Soluble fiber is a key player in the Mediterranean diet, with beans and legumes and a generous amount of fruit and vegetables aiding in the removal of cholesterol. When the soluble fiber dissolves, it creates a gummy substance that traps dietary cholesterol, and bile, keeping them from entering the bloodstream. Instead of absorbing this fiber, the unabsorbed mass and the cholesterol, allow it to pass out of the body, according to Patton.

“Many patients with heart disease are also dealing with weight issues. By focusing on the good fats, such as olive oil, nuts and seeds, in addition to a high-fiber diet, they can more easily reach their goals,” says Patton.

A gut reaction
Further support of the Mediterranean diet’s method is illuminated in recent research, which shows that red meat and eggs contain compounds that raise the risk of heart attack and stroke. The research is the latest in a series of work that has shown that the population of bacteria in our guts, jointly known as the gut microbiome, can influence everything from weight loss to brain chemistry.
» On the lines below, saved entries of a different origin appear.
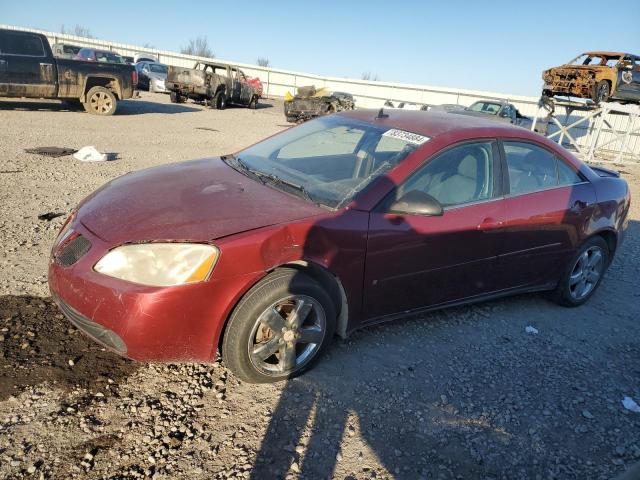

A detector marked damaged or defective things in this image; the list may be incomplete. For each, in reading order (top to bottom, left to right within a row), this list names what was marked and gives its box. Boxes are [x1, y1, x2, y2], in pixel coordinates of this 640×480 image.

wrecked vehicle [0, 28, 139, 114]
wrecked vehicle [168, 62, 262, 109]
burned car [170, 62, 262, 109]
wrecked vehicle [284, 86, 356, 123]
burned car [284, 86, 356, 124]
wrecked vehicle [540, 51, 640, 104]
burned car [540, 51, 640, 104]
damaged hood [77, 158, 324, 244]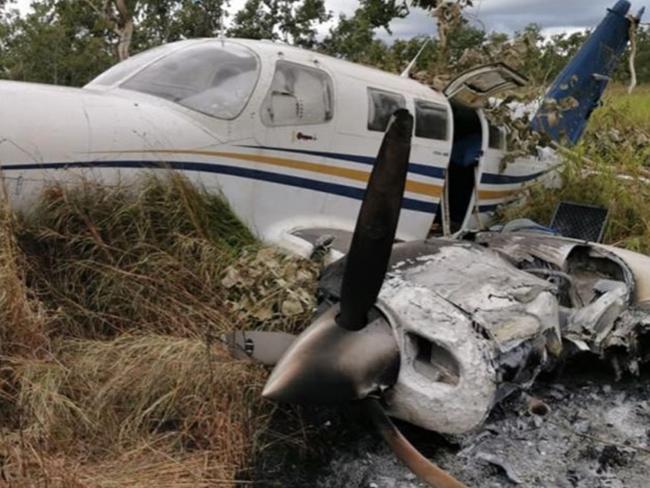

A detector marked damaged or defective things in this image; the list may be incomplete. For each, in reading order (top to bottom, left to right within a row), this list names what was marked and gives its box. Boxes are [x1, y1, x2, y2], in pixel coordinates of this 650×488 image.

burned wreckage [229, 111, 650, 488]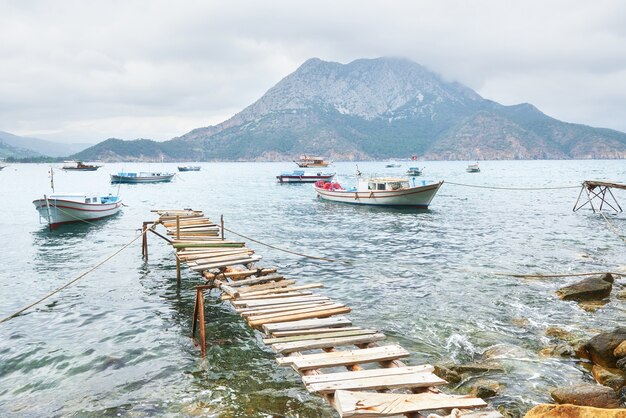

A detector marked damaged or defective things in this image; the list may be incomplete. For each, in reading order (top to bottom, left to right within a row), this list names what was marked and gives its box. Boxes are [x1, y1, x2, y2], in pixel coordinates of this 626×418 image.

broken plank [247, 306, 352, 328]
broken plank [262, 316, 352, 334]
broken plank [272, 332, 386, 354]
broken plank [276, 344, 412, 370]
broken plank [334, 390, 486, 416]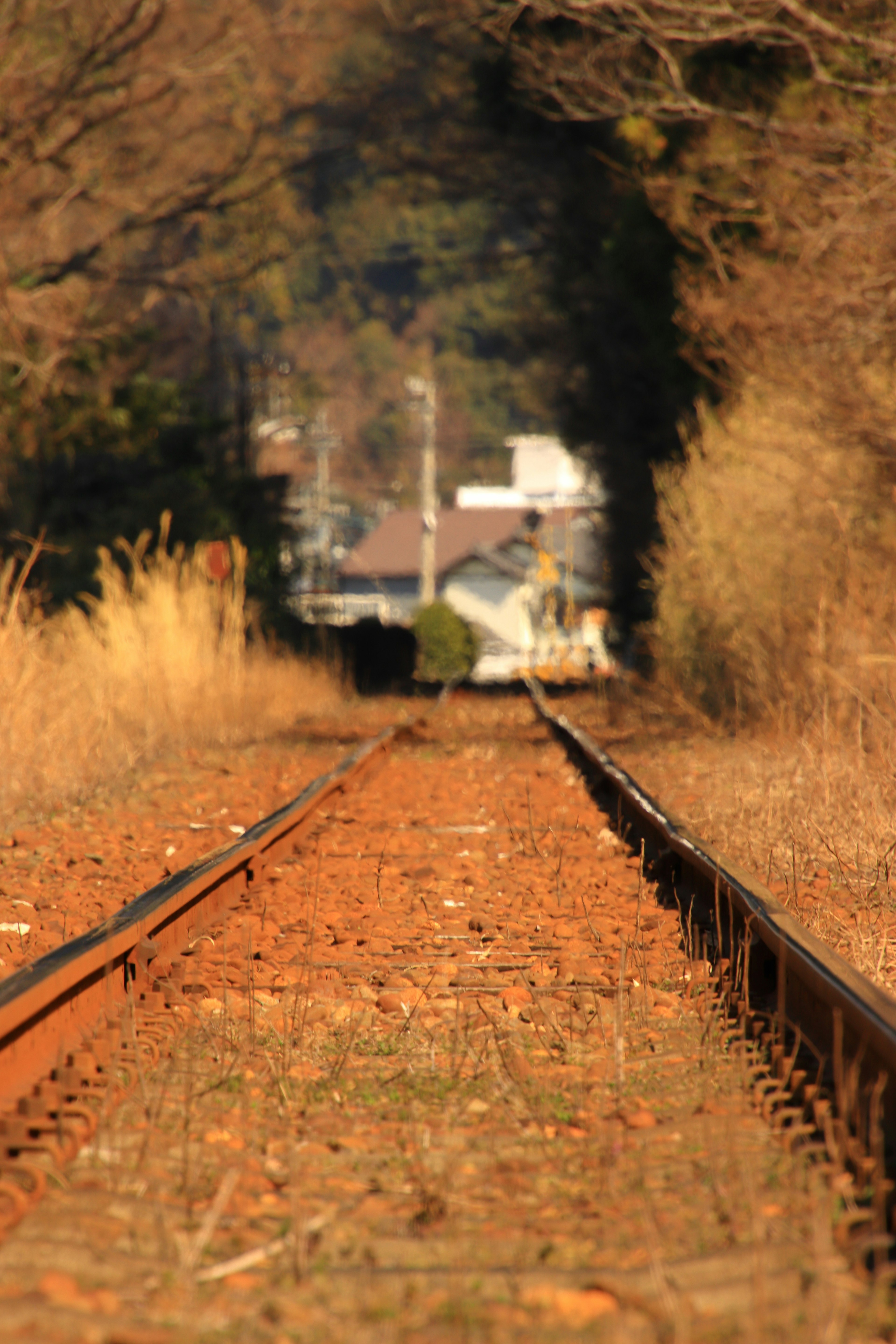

A study published in Nature Medicine (April 2013) shows L-carnitine, a compound found in red meat and added to energy drinks, can increase heart risk due to gut bacteria digesting it to produce trimethylamine-N-oxide (TMAO), a metabolite already suspected of clogging arteries. Shortly after, the same group of researchers led by Stanley Hazen, MD, PhD, co-section head of Preventive Cardiology & Rehabilitation at Cleveland Clinic’s Miller Family Heart and Vascular Institute, found that TMAO was also produced when eating eggs. The study published in the New England Journal of Medicine shows that the compound lecithin, found in egg yolk, also produces TMAO when digested by gut bacteria.

“The Mediterranean diet limits the number of portions and portion size of high-cholesterol foods that tend to be high in the precursors for making the gut flora metabolite TMAO,” Dr. Hazen tells Women’s Heart Advisor. “We believe this diet should be excellent for lowering the gut microbial product level that is a risk for cardiac disease, but additional ongoing research will tell us more.”